In a twist, bankers poaching credit union execs to fill voids
Some community banks are recruiting talent from an unexpected place — credit unions.
Newburyport Five Cents Savings Bank in Massachusetts hired Lloyd Hamm Jr. away from Homefield Credit Union to become its president, while Boiling Springs Savings Bank in Rutherford, N.J., poached Elizabeth Miller, an executive at Affinity Federal Credit Union, to become its new retail chief.
The hiring goes beyond top executives.
The $14 billion-asset City National Bank in Miami last month hired Jose Tirador, a branch manager at Bright Star Credit Union, as a business market leader.
Such moves show how aggressive community banks must be to fill key roles at a time when national unemployment is low and the number of jobs at smaller institutions is declining.
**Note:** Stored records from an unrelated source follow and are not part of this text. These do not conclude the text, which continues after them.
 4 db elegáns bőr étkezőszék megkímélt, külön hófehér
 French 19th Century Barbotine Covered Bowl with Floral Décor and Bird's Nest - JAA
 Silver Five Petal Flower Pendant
It also highlights how the distinction between banks and credit unions continues to blur.
For Miller, who is overseeing the retail growth strategy at the $1.7 billion-asset Boiling Springs, there isn't much difference between working at a small community bank and a credit union, given that both types of institutions prioritize customers and community involvement.
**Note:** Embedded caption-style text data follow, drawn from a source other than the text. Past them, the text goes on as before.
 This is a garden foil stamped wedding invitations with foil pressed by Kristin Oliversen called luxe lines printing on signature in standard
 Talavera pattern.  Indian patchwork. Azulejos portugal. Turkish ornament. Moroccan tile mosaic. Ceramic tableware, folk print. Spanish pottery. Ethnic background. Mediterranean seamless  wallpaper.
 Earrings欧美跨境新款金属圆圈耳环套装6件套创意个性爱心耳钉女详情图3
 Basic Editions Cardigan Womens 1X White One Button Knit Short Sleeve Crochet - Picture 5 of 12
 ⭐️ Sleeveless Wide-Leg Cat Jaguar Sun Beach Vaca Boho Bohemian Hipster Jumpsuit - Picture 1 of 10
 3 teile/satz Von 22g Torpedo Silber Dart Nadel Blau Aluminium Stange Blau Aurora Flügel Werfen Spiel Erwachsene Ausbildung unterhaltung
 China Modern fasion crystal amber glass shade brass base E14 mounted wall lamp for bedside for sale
“If you were going from a credit union to a much larger bank, you might see some more differences,” Miller said.
Hamm, who was president and CEO of Homefield in Grafton, Mass., said the $879 million-asset Newburyport Savings viewed his time at a credit union as a strength.
“I think they wanted to bring in a different skill set,” Hamm said. “Part of what made me attracted to them was a strong background in technology … and a feeling that a credit union wasn’t necessarily a bad thing.”
While it is more common for credit unions to hire bankers, industry observers said they expect more banks to recruit credit union employees.
“With unemployment as low as it is today, the fight for talent is significant and organizations need to be smart and more creative about where they are attracting new talent,” said Susan Pardus, a partner with KL Search Group.
At the same time, there are fewer differences between credit unions and community banks.
Larger credit unions, in particular, have similar branch structures and offer comparable products and services. Many credit unions have boosted commercial lending in recent years by hiring bankers, Pardus said.
“The distinction between credit unions and banks is just waning — it’s a depository that provides multiple services and products,” said Arthur Warren, an executive board and compensation adviser. “You have to go where the talent is. If you can’t hire out of a pure bank, cooperative or mutual, then you go where the talent is to solve your business problem.”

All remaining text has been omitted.